[Collected data]
BEGIN

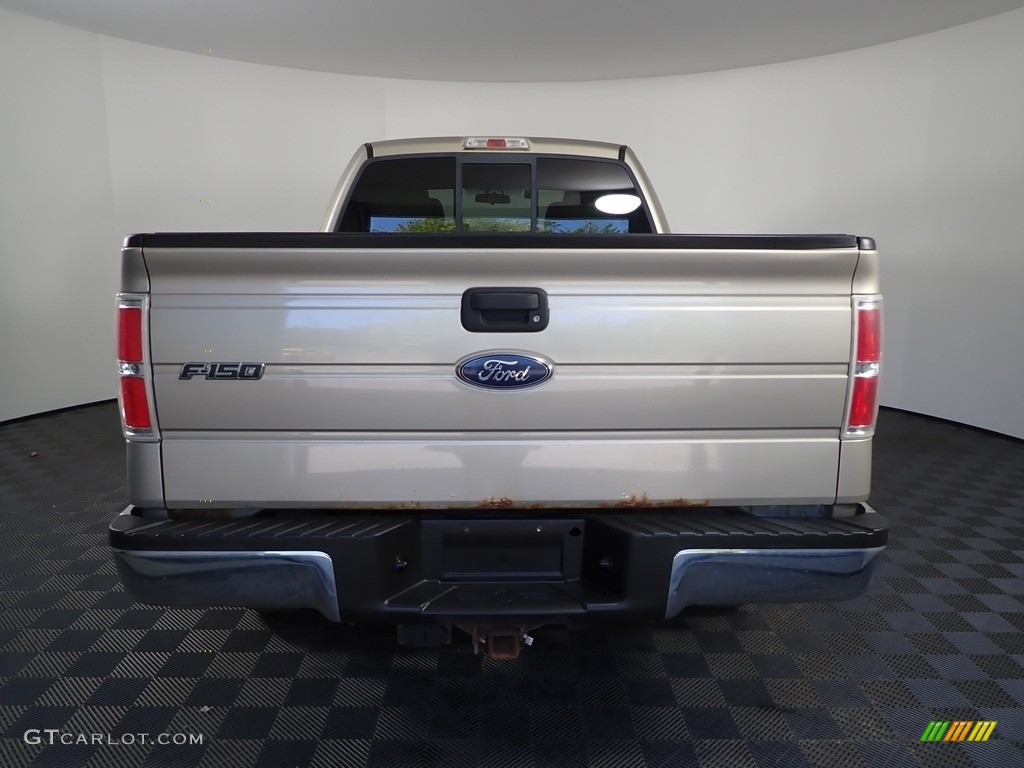 2010 F150 XLT SuperCab 4x4 - Pueblo Gold Metallic / Tan photo #5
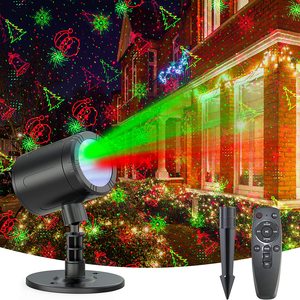 <span class=keywords><strong>Proyector</strong></span> de luces para interiores y exteriores, <span class=keywords><strong>proyector</strong></span> de luz roja y verde con patrones decorativos de <span class=keywords><strong>Navidad</strong></span> para Patio y jardín - Product Image 2
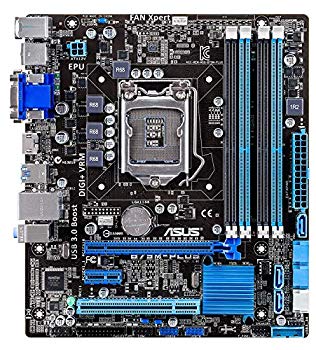 [Used] Asus Intel B75 Motherboard LGA1155 Compatible B75M-Plus HDMI / DVI-D / D-SUB15 Pin [Microatx]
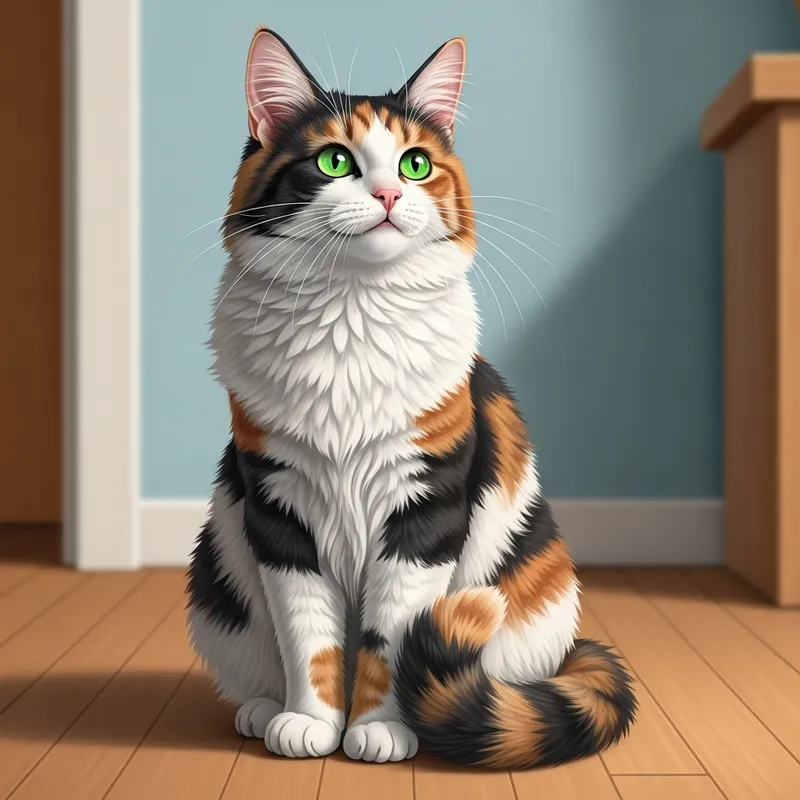 Beautiful Calico Cat | Charming Feline Companion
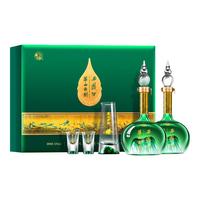 淘金币390.58元、今日必买:西凤酒 华山论剑 千里江山艺术版 52%vol 凤香型白酒 500ml*2瓶礼盒装 赠20年45度250ml*1瓶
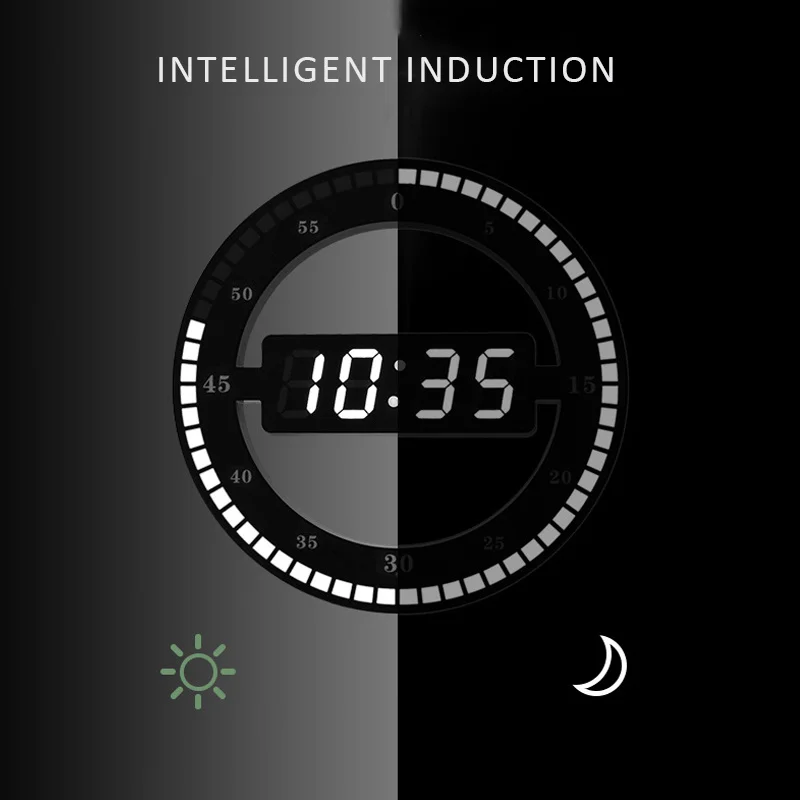 LED 3D Luminous Digital Wall Clock Temperature Date Mute Jump Second Clock Modern Design For Home Living Room Decoration Watches
LED 3D Luminous Digital Wall Clock Temperature Date Mute Jump Second Clock Modern Design For Home Living Room Decoration Watches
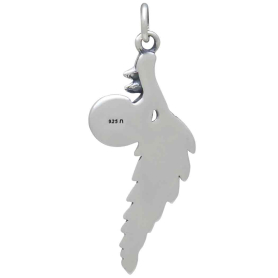 Sterling Silver Fern Pendant Back View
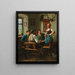 Aan de herberg - Emil Rau — ingelijst kunstwerk aan de muur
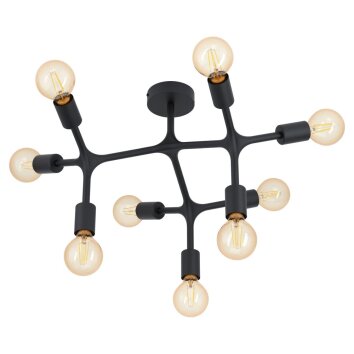 EGLO BOCADELLA Ceiling Light black, 9-light sources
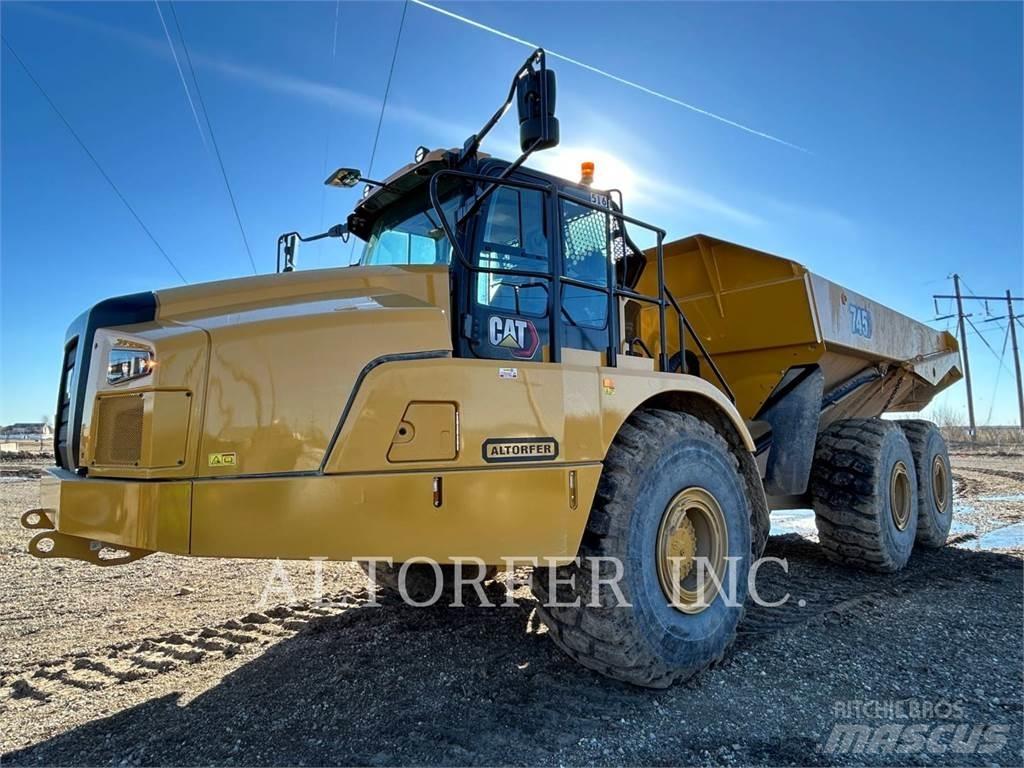 CAT 745-04 Tombereau articulé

END

### [Problem to solve]
Output the records above exactly, omitting the pictures.

### [Written solution]
 2010 F150 XLT SuperCab 4x4 - Pueblo Gold Metallic / Tan photo #5
 <span class=keywords><strong>Proyector</strong></span> de luces para interiores y exteriores, <span class=keywords><strong>proyector</strong></span> de luz roja y verde con patrones decorativos de <span class=keywords><strong>Navidad</strong></span> para Patio y jardín - Product Image 2
 [Used] Asus Intel B75 Motherboard LGA1155 Compatible B75M-Plus HDMI / DVI-D / D-SUB15 Pin [Microatx]
 Beautiful Calico Cat | Charming Feline Companion
 淘金币390.58元、今日必买:西凤酒 华山论剑 千里江山艺术版 52%vol 凤香型白酒 500ml*2瓶礼盒装 赠20年45度250ml*1瓶
 LED 3D Luminous Digital Wall Clock Temperature Date Mute Jump Second Clock Modern Design For Home Living Room Decoration Watches
LED 3D Luminous Digital Wall Clock Temperature Date Mute Jump Second Clock Modern Design For Home Living Room Decoration Watches
 Sterling Silver Fern Pendant Back View
 Aan de herberg - Emil Rau — ingelijst kunstwerk aan de muur
 EGLO BOCADELLA Ceiling Light black, 9-light sources
 CAT 745-04 Tombereau articulé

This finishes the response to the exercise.